Task inputs
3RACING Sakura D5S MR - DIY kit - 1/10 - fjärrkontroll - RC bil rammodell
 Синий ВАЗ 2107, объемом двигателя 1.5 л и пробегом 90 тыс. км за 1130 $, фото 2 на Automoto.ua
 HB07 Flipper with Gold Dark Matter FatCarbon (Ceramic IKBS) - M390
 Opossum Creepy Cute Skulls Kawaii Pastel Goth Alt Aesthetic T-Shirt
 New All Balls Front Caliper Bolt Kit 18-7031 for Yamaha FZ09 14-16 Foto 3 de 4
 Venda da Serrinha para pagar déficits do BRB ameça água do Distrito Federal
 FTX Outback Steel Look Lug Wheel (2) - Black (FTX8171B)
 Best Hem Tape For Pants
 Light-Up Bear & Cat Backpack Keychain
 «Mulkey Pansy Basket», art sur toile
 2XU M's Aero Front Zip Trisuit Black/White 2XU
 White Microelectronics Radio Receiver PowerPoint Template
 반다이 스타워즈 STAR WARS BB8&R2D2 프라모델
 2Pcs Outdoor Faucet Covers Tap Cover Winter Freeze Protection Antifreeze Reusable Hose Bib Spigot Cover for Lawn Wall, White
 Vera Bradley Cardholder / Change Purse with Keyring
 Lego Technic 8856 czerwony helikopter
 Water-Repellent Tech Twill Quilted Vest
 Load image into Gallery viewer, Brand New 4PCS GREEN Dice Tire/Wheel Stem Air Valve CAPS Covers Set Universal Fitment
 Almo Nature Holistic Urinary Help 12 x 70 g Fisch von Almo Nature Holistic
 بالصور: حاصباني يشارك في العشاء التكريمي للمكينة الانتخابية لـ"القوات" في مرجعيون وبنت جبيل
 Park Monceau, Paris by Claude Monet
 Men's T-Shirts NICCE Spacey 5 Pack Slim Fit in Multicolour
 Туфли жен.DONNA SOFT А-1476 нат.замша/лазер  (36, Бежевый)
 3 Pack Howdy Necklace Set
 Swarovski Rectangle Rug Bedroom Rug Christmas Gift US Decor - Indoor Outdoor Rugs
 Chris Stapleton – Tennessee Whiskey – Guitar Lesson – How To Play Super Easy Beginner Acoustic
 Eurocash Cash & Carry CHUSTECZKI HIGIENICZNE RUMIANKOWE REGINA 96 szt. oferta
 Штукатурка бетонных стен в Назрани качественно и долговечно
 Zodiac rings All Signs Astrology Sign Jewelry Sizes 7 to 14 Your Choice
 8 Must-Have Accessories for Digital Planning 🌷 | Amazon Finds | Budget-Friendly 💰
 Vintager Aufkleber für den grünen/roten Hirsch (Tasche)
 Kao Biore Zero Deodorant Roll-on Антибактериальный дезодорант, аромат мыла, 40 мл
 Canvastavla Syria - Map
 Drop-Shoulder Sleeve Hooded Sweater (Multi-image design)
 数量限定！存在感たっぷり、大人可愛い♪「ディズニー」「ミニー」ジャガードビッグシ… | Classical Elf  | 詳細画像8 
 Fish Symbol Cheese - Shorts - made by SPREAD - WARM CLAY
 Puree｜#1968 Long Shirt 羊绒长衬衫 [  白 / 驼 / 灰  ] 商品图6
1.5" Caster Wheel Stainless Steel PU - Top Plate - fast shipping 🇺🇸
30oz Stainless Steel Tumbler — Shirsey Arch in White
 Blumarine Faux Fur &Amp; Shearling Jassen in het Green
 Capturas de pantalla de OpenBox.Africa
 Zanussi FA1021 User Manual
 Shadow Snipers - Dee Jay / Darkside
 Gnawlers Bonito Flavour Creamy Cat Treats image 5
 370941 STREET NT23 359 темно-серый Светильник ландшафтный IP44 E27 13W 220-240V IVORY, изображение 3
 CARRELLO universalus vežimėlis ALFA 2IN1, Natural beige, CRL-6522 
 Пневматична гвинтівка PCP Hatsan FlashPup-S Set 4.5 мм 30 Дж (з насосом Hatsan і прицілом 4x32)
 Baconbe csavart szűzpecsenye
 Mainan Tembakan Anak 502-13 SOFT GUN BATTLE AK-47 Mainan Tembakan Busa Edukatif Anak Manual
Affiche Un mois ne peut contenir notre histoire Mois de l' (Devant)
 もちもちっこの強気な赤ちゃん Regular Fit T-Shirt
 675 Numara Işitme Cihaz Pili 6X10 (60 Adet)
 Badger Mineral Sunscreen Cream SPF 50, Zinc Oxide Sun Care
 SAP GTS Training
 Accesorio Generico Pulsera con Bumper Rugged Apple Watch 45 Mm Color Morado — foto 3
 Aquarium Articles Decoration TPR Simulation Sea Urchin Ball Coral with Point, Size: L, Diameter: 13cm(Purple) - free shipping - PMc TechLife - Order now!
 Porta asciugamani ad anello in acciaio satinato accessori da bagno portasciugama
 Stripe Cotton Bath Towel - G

Action item
In the data above, find the line containing "Aquarium Articles Decoration", then copy it and every later line exactly.

Worked solution
 Aquarium Articles Decoration TPR Simulation Sea Urchin Ball Coral with Point, Size: L, Diameter: 13cm(Purple) - free shipping - PMc TechLife - Order now!
 Porta asciugamani ad anello in acciaio satinato accessori da bagno portasciugama
 Stripe Cotton Bath Towel - G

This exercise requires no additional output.